Overall, accounting for job loss projections means that a payroll tax cut starting in September would provide 5.8 percent less in benefits to workers that began the year with a job when job losses are taken into account. This decline in the value of a payroll tax cut is exacerbated at lower incomes. By contrast, the same proposal would provide 12.9 percent less in benefits to tax units in the bottom 20 percent of filings compared to the impact of the same payroll tax cut in an economy not experiencing the current crisis.

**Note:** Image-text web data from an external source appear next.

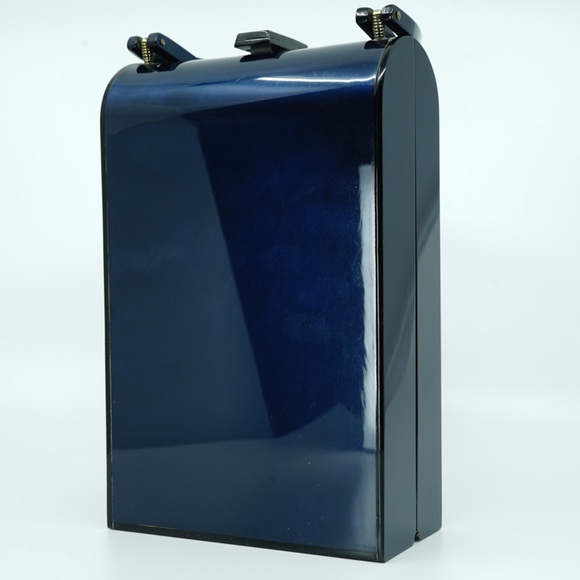 1950s WILARDY Vintage Navy Lucite Bar Clasp Purse - Picture 13 of 16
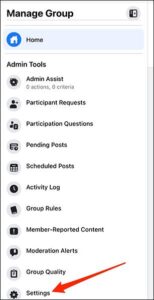 حدد "إعدادات" من "أدوات المسؤول" لمجموعة على موقع Facebook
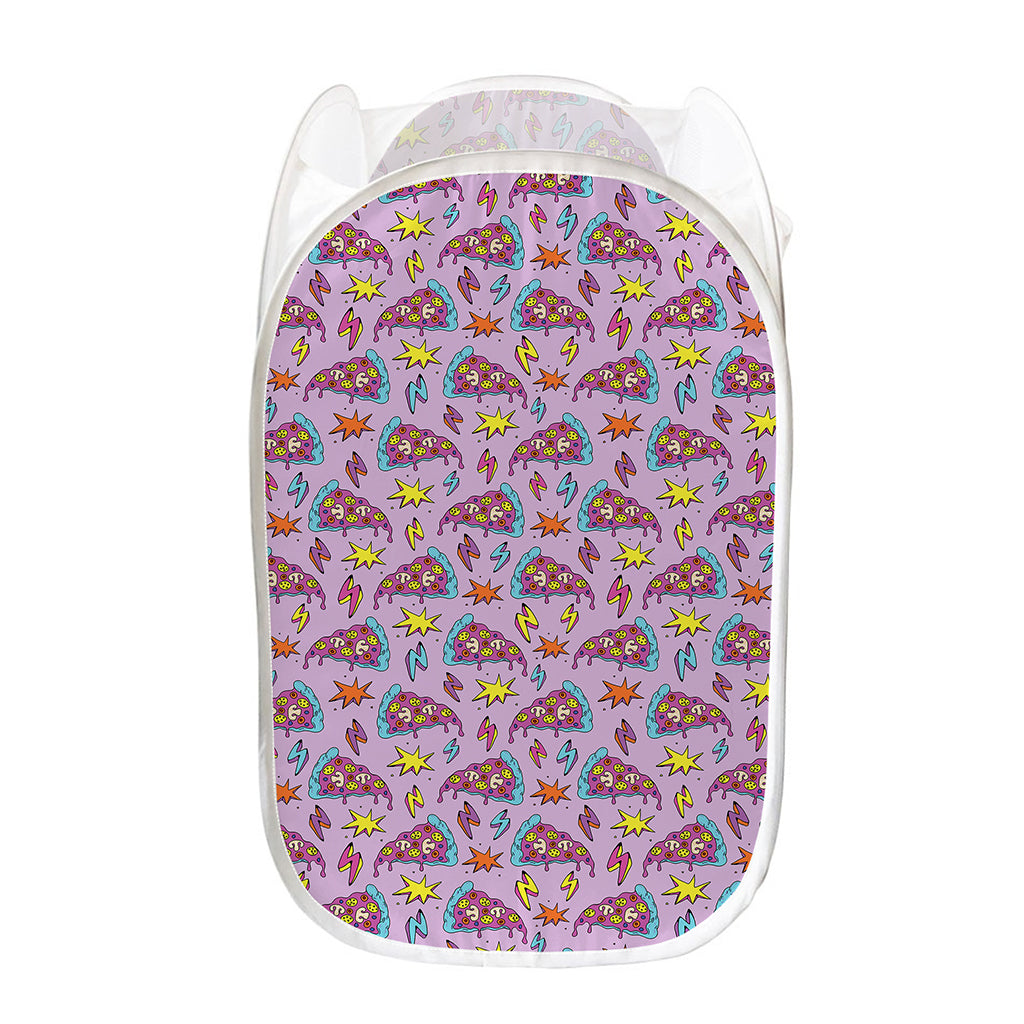 Psychedelic Pizza Pattern Print Mesh Laundry Hamper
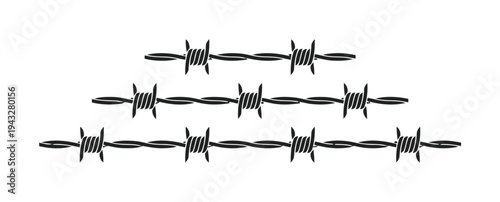 Barbed Wire Fence Vector Illustration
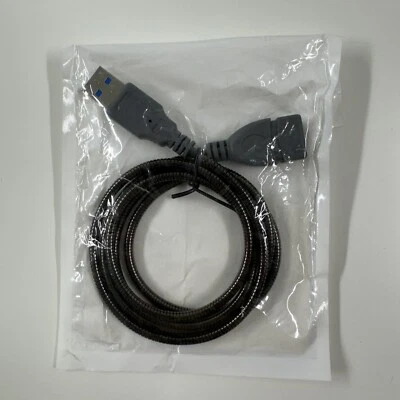 USB 2.0 3ft Extension Cable M/F Type A Male to Female Black Silver Space Grey - Image 1 of 4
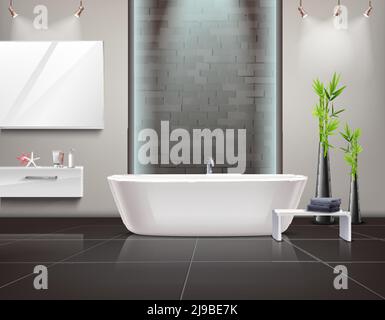 Realistic bathroom interior with mirror and lighting, stand with towels near tub on tiled floor vector illustration Stock Vector
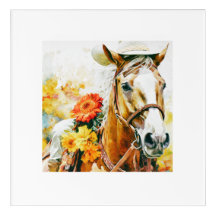 caballo vintage con gorra de vaquera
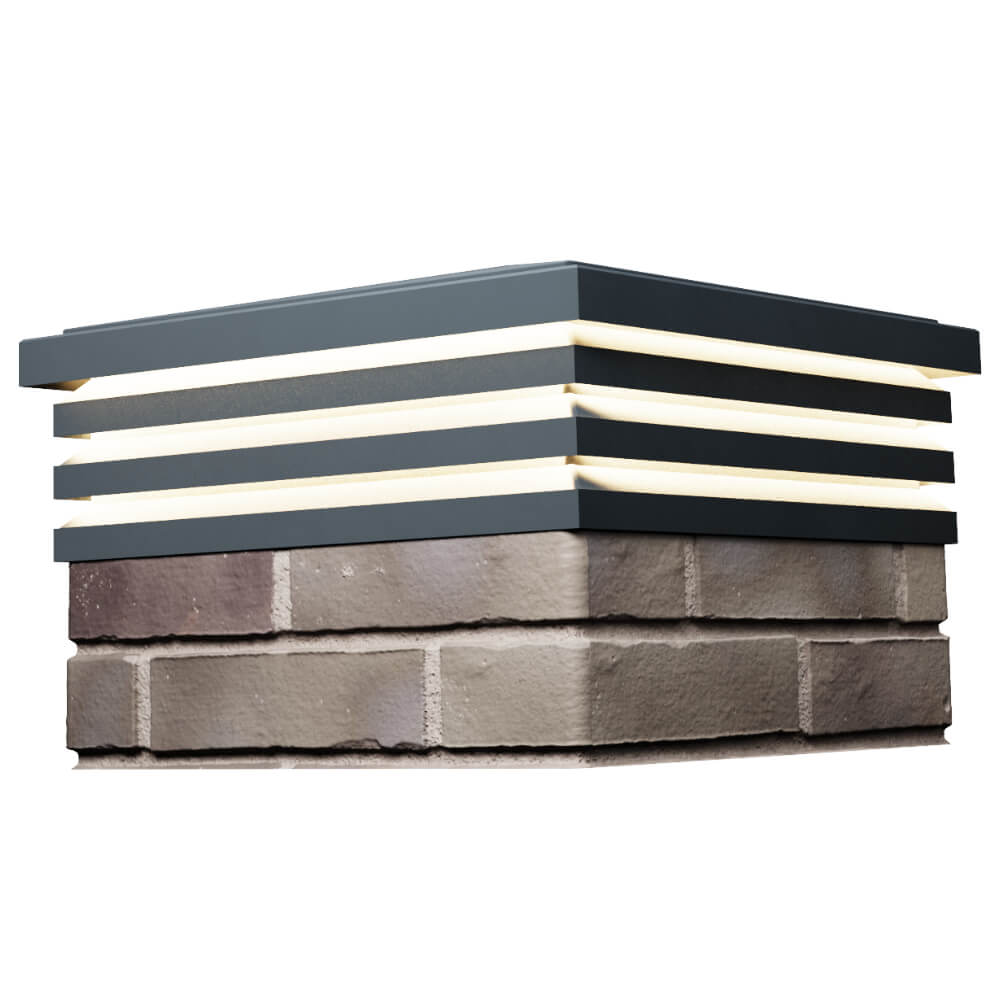 Колпак Zking Бона ХайТек Серый на столб 1.5х1.5 кирпича (385х385мм) с подсветкой в Пятигорске фото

[1] ITEP provided a similar analysis the last time the president publicly suggested temporarily suspending the payroll tax. That analysis and this one both assume that legislation would eliminate Social Security and Medicare taxes through the end of the year. The previous analysis assumed a payroll tax holiday would begin on April 1 and last through the end of the year, meaning payroll taxes would be suspended for three-fourths of the year. This analysis assumes a payroll tax holiday would begin on Sept. 1 and last through the end of the year, meaning payroll taxes would be suspended for a third of the year. This distribution of benefits projected in this analysis is very similar to the one in our previous analysis. On one hand, fewer low-wage workers benefit under this analysis because they are disproportionately affected by job losses. On the other hand, fewer high-wage workers benefit under this analysis because they are more likely to have already paid the maximum Social Security taxes at this point in the year. The net result of these differences is a distribution of benefits not much different from our previous analysis.